Armenian Rhapsody No. 2, Op. 51, was composed by Alan Hovhaness in 1944 during the portion of his life when he lived near Boston and began to reconnect with his Armenian roots. Hovhaness wrote this piece during his so-called "Armenian period" from 1943 to 1951, where he was heavily influenced by not only Armenian and other Middle Eastern music but also Indian music.

These three Armenian Rhapsodies were his first efforts in using his Armenian roots "as the source of a deeper and more individual creative voice". They are the only three pieces to include actual Armenian melodies from Armenian music (songs, dances, church chants, etc.). Critics have noted that these rhapsodies "display a sense of atmosphere and a fresh approach to modal polyphony that was not present in his earlier work".

Hovhaness wrote three rhapsodies, each with an opus number that was largely uncorrelated; he had just begun attempting to order his works, and began numbering though he did not yet have a system.

== Musical influences ==
Hovhaness was influenced to write many of his pieces by nature as well as by Armenian musical tradition, especially Armenian liturgical music, which he played frequently beginning in 1942 when he was an organist at an Armenian church. His music was said to be "spiritually rooted in ancient, and often remote, mysticism".

This piece in particular was one of the few pieces where Hovhaness incorporated Armenian melodic ideas that existed in Armenian dance, liturgical, and other music. While Hovhaness did rely on the "Armenian folk idiom", his pieces remained entirely unique and original, keeping with his voice and musical style while incorporating parts of Armenian musical tradition. It was said to be still of his "own construction", rather than being directly quoted and mimicked.

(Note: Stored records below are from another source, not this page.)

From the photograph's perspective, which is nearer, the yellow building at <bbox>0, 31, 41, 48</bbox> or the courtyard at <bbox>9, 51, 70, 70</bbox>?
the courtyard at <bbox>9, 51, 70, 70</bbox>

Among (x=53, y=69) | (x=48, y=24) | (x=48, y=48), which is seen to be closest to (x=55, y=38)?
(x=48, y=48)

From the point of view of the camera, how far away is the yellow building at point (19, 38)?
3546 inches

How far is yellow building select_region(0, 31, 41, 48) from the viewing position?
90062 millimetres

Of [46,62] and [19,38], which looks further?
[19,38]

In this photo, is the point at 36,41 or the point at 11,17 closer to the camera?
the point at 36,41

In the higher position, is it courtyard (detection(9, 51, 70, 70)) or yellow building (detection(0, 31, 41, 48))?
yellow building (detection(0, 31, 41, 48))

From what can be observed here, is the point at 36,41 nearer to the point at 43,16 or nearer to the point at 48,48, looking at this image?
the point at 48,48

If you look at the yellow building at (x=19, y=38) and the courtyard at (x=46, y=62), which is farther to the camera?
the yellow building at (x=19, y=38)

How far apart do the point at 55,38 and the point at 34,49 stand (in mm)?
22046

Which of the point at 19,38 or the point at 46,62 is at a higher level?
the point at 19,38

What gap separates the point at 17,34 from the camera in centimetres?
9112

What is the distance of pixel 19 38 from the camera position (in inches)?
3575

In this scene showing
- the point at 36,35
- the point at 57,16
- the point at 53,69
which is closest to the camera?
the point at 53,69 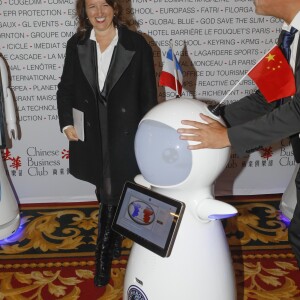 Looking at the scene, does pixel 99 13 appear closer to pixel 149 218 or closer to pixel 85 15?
pixel 85 15

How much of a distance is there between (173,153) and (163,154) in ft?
0.11

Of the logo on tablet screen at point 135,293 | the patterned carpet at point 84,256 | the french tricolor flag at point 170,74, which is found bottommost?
the patterned carpet at point 84,256

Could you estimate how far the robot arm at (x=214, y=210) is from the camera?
1.50 metres

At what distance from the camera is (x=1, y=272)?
94.0 inches

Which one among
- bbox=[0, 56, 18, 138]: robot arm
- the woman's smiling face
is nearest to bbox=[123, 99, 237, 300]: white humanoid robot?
the woman's smiling face

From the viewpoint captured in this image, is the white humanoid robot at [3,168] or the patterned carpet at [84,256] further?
the white humanoid robot at [3,168]

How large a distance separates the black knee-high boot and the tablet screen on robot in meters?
0.57

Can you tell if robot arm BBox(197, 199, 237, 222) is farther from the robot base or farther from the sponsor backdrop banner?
the sponsor backdrop banner

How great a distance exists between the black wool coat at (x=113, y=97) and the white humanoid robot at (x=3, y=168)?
18.3 inches

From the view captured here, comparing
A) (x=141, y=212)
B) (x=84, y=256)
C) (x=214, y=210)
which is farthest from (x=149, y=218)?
(x=84, y=256)

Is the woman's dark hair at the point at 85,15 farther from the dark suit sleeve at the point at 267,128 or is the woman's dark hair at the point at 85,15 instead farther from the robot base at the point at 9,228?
the robot base at the point at 9,228

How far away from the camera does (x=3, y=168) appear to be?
8.84ft

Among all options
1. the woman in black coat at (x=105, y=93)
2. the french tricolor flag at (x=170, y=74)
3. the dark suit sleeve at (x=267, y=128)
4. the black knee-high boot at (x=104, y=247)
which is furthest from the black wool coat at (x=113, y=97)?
the dark suit sleeve at (x=267, y=128)

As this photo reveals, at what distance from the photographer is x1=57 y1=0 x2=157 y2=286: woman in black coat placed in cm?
208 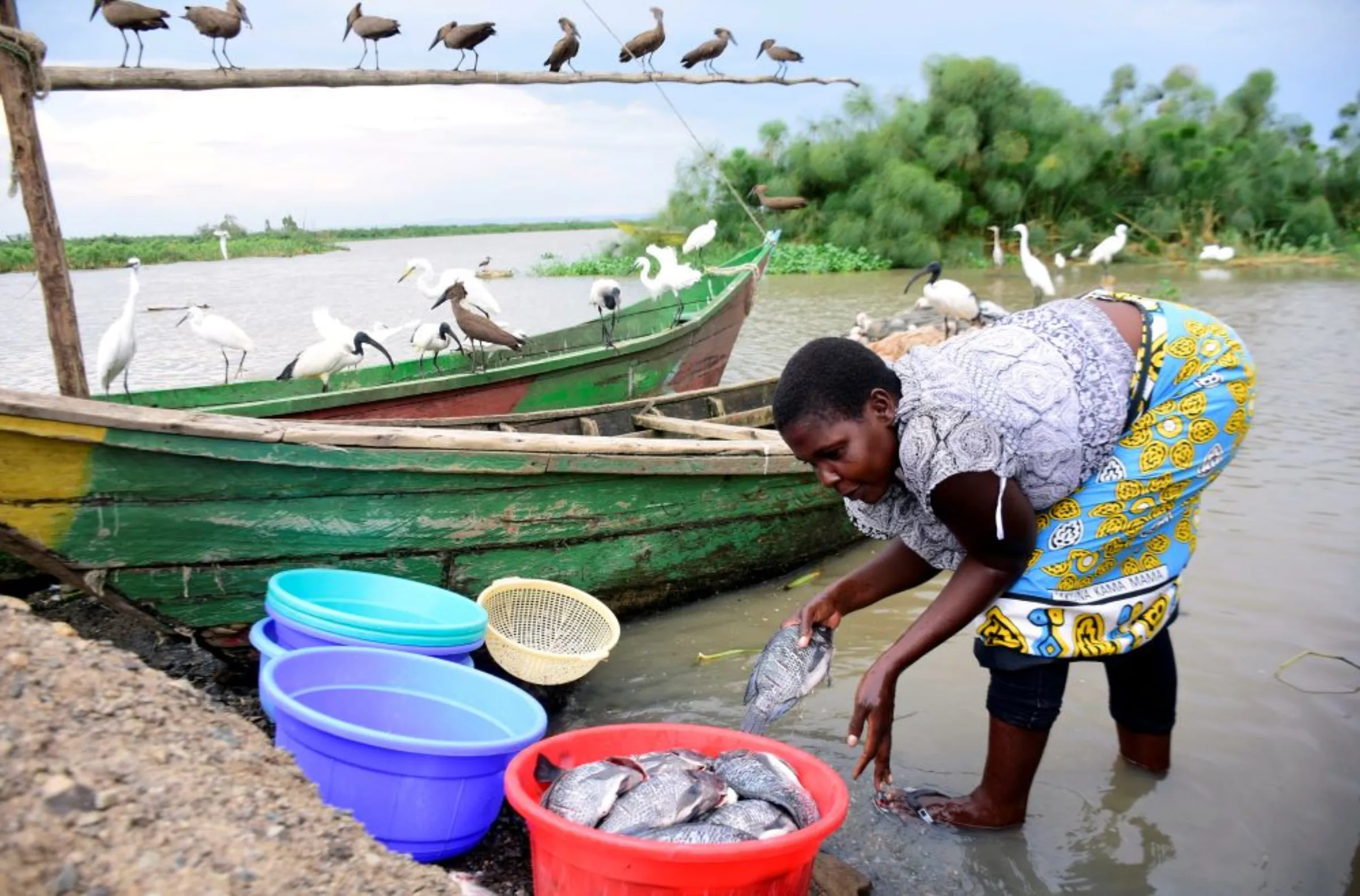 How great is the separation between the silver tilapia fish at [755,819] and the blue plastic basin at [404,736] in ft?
1.73

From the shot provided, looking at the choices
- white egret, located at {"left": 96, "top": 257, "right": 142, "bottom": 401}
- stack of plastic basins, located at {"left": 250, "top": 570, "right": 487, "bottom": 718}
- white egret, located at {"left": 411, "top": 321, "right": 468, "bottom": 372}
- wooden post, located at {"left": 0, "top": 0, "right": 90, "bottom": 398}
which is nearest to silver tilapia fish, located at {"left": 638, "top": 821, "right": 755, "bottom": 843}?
stack of plastic basins, located at {"left": 250, "top": 570, "right": 487, "bottom": 718}

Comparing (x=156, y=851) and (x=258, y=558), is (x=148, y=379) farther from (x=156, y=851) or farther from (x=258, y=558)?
(x=156, y=851)

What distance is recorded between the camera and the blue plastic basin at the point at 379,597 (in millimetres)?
2850

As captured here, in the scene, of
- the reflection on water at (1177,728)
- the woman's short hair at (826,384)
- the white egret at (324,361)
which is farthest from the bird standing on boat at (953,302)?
the woman's short hair at (826,384)

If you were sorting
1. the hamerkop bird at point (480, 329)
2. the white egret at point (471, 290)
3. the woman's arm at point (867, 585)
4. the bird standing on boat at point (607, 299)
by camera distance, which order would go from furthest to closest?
the bird standing on boat at point (607, 299) → the white egret at point (471, 290) → the hamerkop bird at point (480, 329) → the woman's arm at point (867, 585)

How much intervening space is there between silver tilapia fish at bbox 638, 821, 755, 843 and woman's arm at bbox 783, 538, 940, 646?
53 centimetres

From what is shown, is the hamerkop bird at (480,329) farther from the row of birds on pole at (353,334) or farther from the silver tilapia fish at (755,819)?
the silver tilapia fish at (755,819)

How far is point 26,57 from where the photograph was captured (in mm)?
3779

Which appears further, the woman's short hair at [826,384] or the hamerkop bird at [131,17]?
the hamerkop bird at [131,17]

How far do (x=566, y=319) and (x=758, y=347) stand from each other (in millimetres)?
4500

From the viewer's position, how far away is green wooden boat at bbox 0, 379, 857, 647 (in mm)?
2768

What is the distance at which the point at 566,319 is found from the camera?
1512 centimetres

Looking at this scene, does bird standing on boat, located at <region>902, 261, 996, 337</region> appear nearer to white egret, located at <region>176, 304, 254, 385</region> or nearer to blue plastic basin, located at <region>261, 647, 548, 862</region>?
white egret, located at <region>176, 304, 254, 385</region>

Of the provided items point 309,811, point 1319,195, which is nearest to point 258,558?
point 309,811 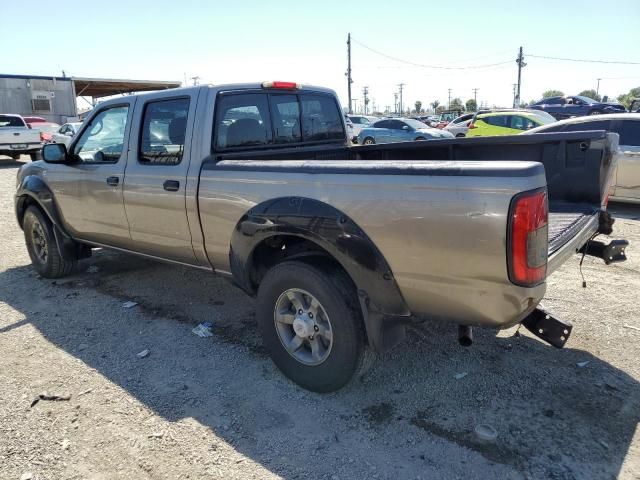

Hovhaness was also influenced by Byzantine as well as Baroque ideas, using both improvisatory and fugal, canonical structures in his writing. This improvisatory, Byzantine language became known as a 'spirit murmur' in the context of Hovhaness's pieces which consisted of improvisations across instruments contained within certain scales.

== Music ==
Hovhaness's pieces were often described as "[mixing] long, melismatic lines with Baroque-inspired counterpoint", with "several rhythmic pulses going on at once, and an individual and unpredictable sense of harmony". Armenian Rhapsody No. 2 uses similar styles. Critics have described the piece as one that "develops into a series of at first decidedly un-nationalist fugues", with more typical classical natural minor scales used. Hovhaness then introduces Armenian motifs on top of those un-Armenian sounds, and critics note that "the Armenian influences eventually come to dominate the music before it stops rather abruptly".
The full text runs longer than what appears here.